Schools need funding to help students with disabilities thrive.
Elementary and middle-level principals strive toward a well-rounded, complete education for every student in their care. This includes the 7 million students with disabilities who receive services under the Individuals with Disabilities Education Act (IDEA). These students are entitled to a free and appropriate public education in the least restrictive environment.
But principals who are on the front lines of ensuring students get the education they deserve are often hard-pressed to find the needed resources to facilitate the successful inclusion of students with disabilities. So while emerging research is identifying the most promising educational strategies, schools don’t always have the appropriate financial resources, professional learning, and support services to make a difference.
What would make a difference? NAESP believes IDEA must be fully funded to meet the needs of all students with disabilities. IDEA legislation promised a federal contribution to fund 40 percent of the extra cost to educate students with disabilities, but IDEA is currently funded at about 14 percent. This funding is crucial not only for students with disabilities, but for all students.
According to a National Center for Learning Disabilities (NCLD) policy brief advocating full funding for IDEA, “Our schools cannot thrive until students with disabilities succeed.” That’s because without full funding, the extra costs to educate students with disabilities fall to the district, and funding for other critical education programs gets squeezed.

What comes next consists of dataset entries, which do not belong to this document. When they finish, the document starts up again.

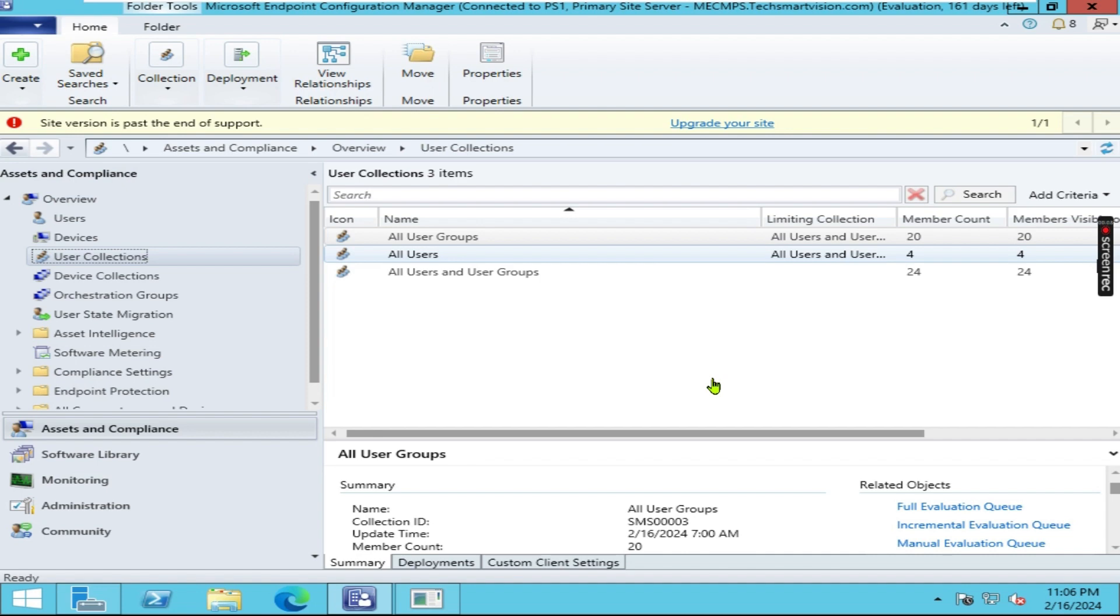Hello everyone, welcome back to my channel. In this session we are going to create a couple of direct rule user collections. This is my SCCM server, and I have opened Microsoft Endpoint Configuration Manager console.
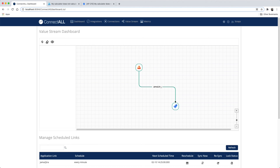That's how you integrate JAMA software with Atlassian JIRA in three easy steps with ConnectDoll. Thank you.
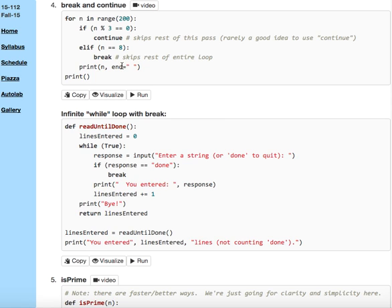Continue is much rarer than break. And in fact, you could do well to just never use continue. Having said that, people do use it, and you can't be mystified by its use, so you have to understand how it works, even if you avoid it generally in your own coding.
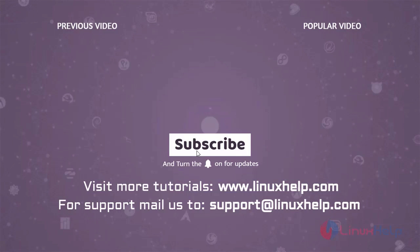To learn more tutorials, visit www.LinuxHelp.com and if you have any queries, mail us to support at linuxhelp.com.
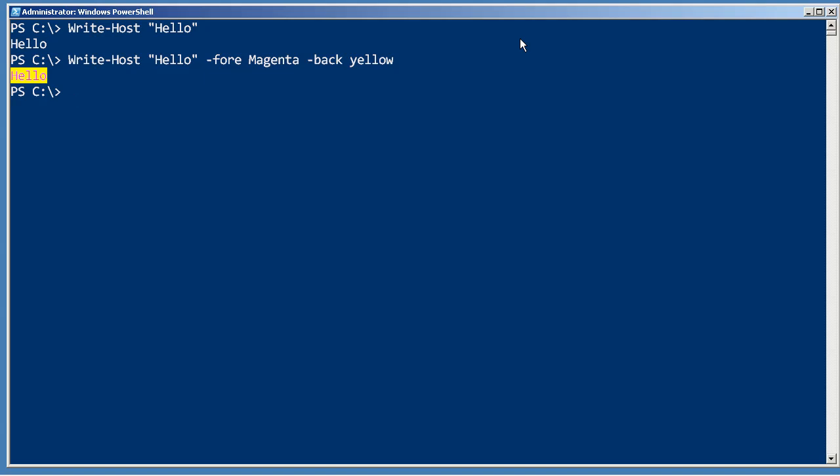The only time you probably want to use write-host is when you need to display some screen where you really want to make use of alternate colors and human eyeballs are the only thing that will ever consume that information.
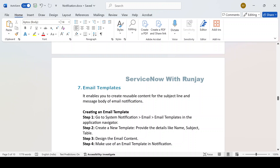This is all about notification variables. In the next video I'll be discussing email templates in detail with a real-world scenario. Thanks for watching, see you in the next video.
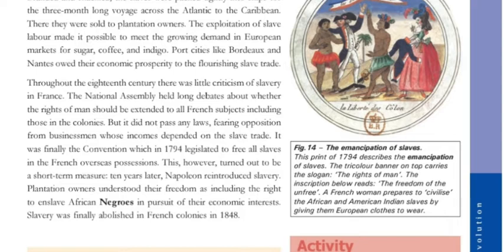French women are depicted preparing to civilize the African and American Indian slaves by giving them European clothes to wear.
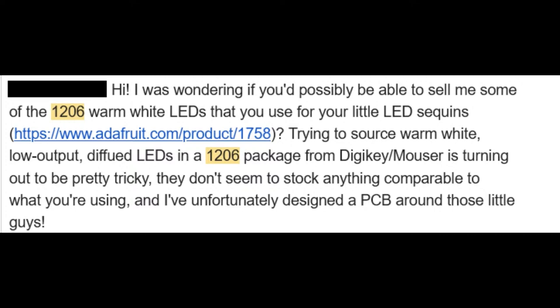Can you just buy it on reel? So we don't sell SMT warm white LEDs on a reel, but the good news is that Digi-Key has thousands of LEDs, and we've done some high current output color neutral LEDs, but we didn't do this particular thing, which is an inexpensive, diffused-ish 1206 package warm white. All right, so let's go to the computer.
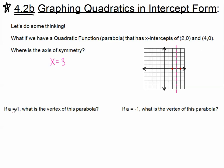Now let's think some more. If a equals 1, what would the vertex of this parabola have to be? If a is 1, that means a is positive, and the parabola opens upward. The vertex has to be somewhere along the axis of symmetry. If a is 1, from the vertex we go right 1, up 1, left 1, up 1 — so the vertex would be at (3, negative 1).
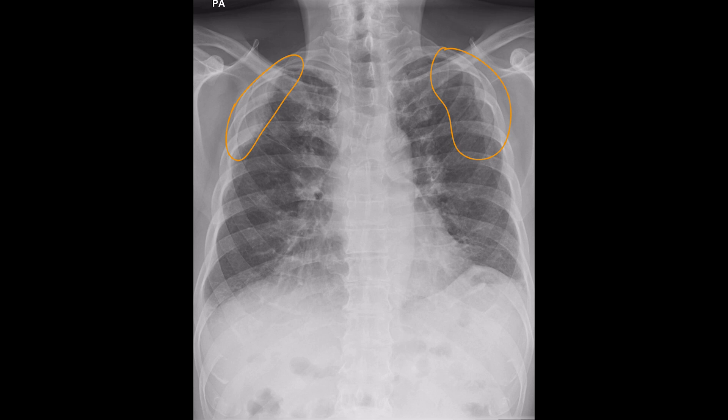Let's set this finding aside for a second and take a look at the other finding, which is enlargement of the hila and the right paratracheal stripe. This probably represents lymph node enlargement, but it is possible that the hila are enlarged due to vessels and the right paratracheal stripe is also vascular.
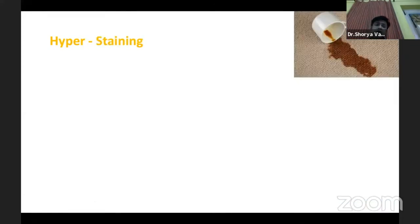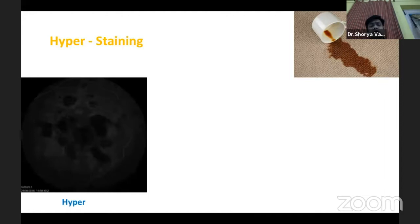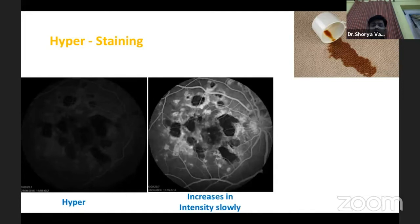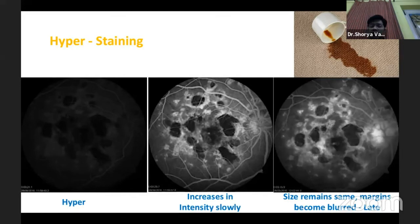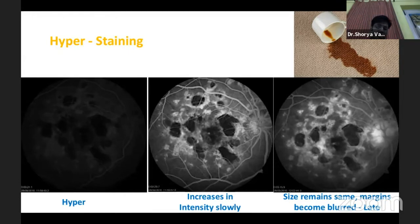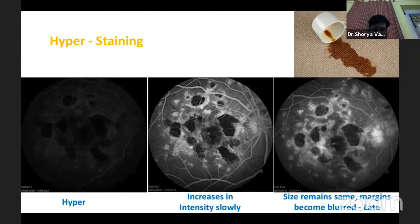The next type of hyperfluorescence is staining, where there is slight hyperfluorescence that slowly increases as we go along in the late phases and more so in the recirculation phase. The size remains the same but the margins might get blurred, and you can typically see the disc staining in the recirculation phase. These are more commonly seen wherever there are scars, such as in histo choroiditis or old choroidal neovascular membranes.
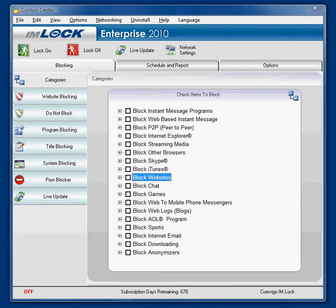Today I'm going to talk about how to block websites using IMlock software. There are many ways to block websites using IMlock and I'll go over the quick start easy tutorial.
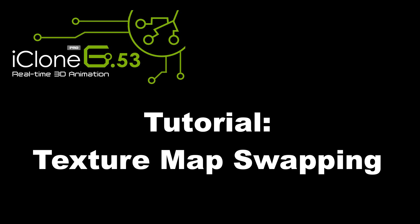The bad news is iClone 6 does not support texture map swapping. If you change the texture map, even on a keyframe, it will apply for the whole project. Let me demonstrate.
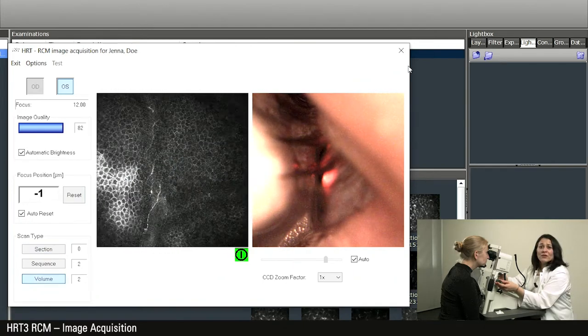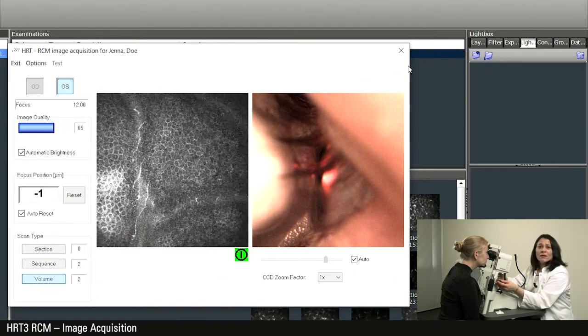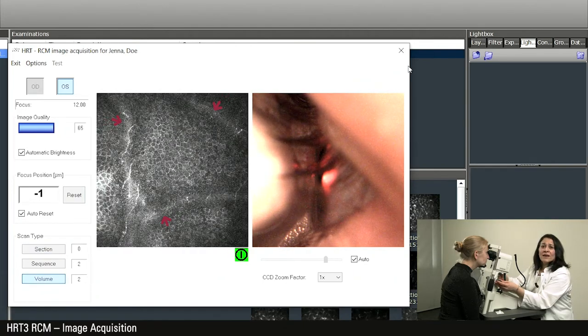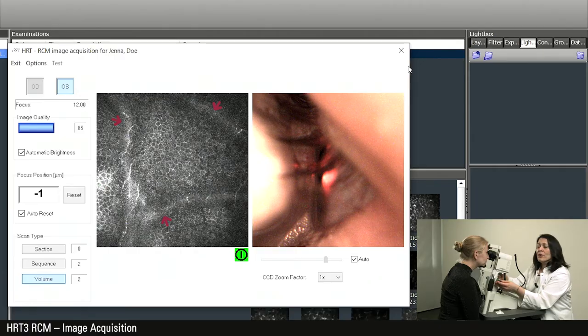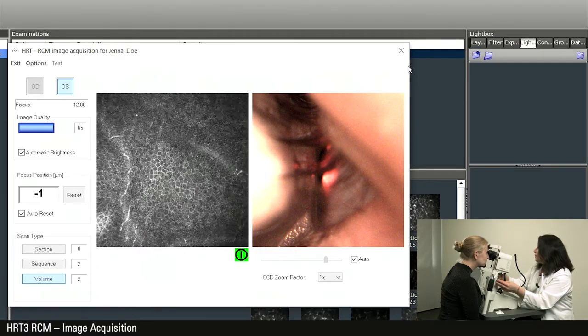If the pressure is too strong, wrinkles will appear. In this case, please move the HRT camera back slightly.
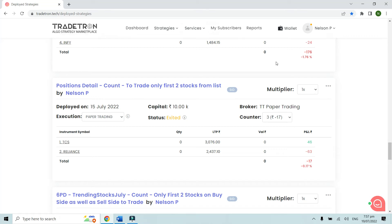In this video we will see a peculiar request that comes to Tradetron from clients regarding using a stocks list, where out of suppose 10 stocks they want to trade only in the first two stocks that meet the entry criteria, and not take the trade in the rest of the eight. Those trades should happen only once during the day.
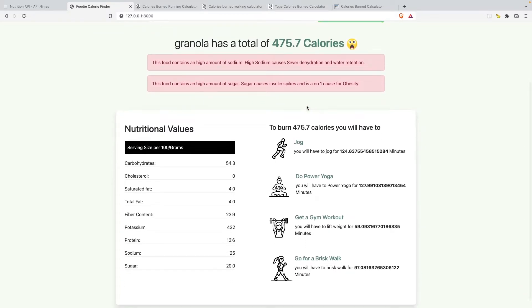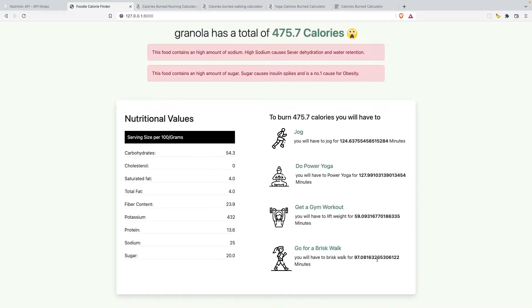Coming back to the food calorie finder and hitting refresh, we can see a rough idea of how this looks. However, there are too many decimals in the numbers right now, which we want to fix so it's more human-readable.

In addition to a fully funded IDEA that ensures access to resources, school leaders need strong preparation and ongoing, job-embedded professional learning to bolster essential competencies such as those described in Promoting Principal Leadership for the Success of Students With Disabilities, a supplemental guide to the 2015 Professional Standards for Education Leaders (PSEL).
In addition to PSEL standards, principals can look to resources such as NAESP’s Leading Learning Communities: Pillars, Practices, and Priorities for Effective Principals and Forward Together: School Leader’s Guide to Creating Inclusive Schools, developed by NCLD and Understood, for further guidance on creating an inclusive culture in which all students thrive.
L. Earl Franks, Ed.D., CAE, is executive director of NAESP.